*** Task material ***
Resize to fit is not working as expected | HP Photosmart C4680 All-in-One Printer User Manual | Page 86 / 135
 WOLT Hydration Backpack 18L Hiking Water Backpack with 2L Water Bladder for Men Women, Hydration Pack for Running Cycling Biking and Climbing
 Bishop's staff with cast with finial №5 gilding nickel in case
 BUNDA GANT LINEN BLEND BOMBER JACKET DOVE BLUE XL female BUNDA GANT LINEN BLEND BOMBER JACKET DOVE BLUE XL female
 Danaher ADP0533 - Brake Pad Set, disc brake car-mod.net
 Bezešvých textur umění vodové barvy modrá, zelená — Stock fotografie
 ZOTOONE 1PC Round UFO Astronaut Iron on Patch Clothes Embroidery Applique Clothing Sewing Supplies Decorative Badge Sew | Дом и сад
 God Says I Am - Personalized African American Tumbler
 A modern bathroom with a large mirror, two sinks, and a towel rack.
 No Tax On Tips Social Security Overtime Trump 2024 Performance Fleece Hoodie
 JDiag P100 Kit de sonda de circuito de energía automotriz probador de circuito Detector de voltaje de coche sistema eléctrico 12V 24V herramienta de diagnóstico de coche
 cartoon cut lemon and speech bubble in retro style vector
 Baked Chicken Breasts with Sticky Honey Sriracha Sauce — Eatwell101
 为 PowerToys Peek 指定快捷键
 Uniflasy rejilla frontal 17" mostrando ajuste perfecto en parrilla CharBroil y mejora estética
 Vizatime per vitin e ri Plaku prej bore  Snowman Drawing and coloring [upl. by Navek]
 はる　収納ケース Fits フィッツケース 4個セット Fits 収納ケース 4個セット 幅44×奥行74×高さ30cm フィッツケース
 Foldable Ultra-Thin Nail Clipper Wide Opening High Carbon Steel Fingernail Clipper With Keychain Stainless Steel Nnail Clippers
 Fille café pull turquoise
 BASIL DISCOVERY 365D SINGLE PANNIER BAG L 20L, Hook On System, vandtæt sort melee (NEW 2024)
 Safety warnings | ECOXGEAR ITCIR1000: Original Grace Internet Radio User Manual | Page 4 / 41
*** End of Task material ***
**Work instruction**
Every entry above should be given again exactly as shown.

**Your response**
Resize to fit is not working as expected | HP Photosmart C4680 All-in-One Printer User Manual | Page 86 / 135
 WOLT Hydration Backpack 18L Hiking Water Backpack with 2L Water Bladder for Men Women, Hydration Pack for Running Cycling Biking and Climbing
 Bishop's staff with cast with finial №5 gilding nickel in case
 BUNDA GANT LINEN BLEND BOMBER JACKET DOVE BLUE XL female BUNDA GANT LINEN BLEND BOMBER JACKET DOVE BLUE XL female
 Danaher ADP0533 - Brake Pad Set, disc brake car-mod.net
 Bezešvých textur umění vodové barvy modrá, zelená — Stock fotografie
 ZOTOONE 1PC Round UFO Astronaut Iron on Patch Clothes Embroidery Applique Clothing Sewing Supplies Decorative Badge Sew | Дом и сад
 God Says I Am - Personalized African American Tumbler
 A modern bathroom with a large mirror, two sinks, and a towel rack.
 No Tax On Tips Social Security Overtime Trump 2024 Performance Fleece Hoodie
 JDiag P100 Kit de sonda de circuito de energía automotriz probador de circuito Detector de voltaje de coche sistema eléctrico 12V 24V herramienta de diagnóstico de coche
 cartoon cut lemon and speech bubble in retro style vector
 Baked Chicken Breasts with Sticky Honey Sriracha Sauce — Eatwell101
 为 PowerToys Peek 指定快捷键
 Uniflasy rejilla frontal 17" mostrando ajuste perfecto en parrilla CharBroil y mejora estética
 Vizatime per vitin e ri Plaku prej bore  Snowman Drawing and coloring [upl. by Navek]
 はる　収納ケース Fits フィッツケース 4個セット Fits 収納ケース 4個セット 幅44×奥行74×高さ30cm フィッツケース
 Foldable Ultra-Thin Nail Clipper Wide Opening High Carbon Steel Fingernail Clipper With Keychain Stainless Steel Nnail Clippers
 Fille café pull turquoise
 BASIL DISCOVERY 365D SINGLE PANNIER BAG L 20L, Hook On System, vandtæt sort melee (NEW 2024)
 Safety warnings | ECOXGEAR ITCIR1000: Original Grace Internet Radio User Manual | Page 4 / 41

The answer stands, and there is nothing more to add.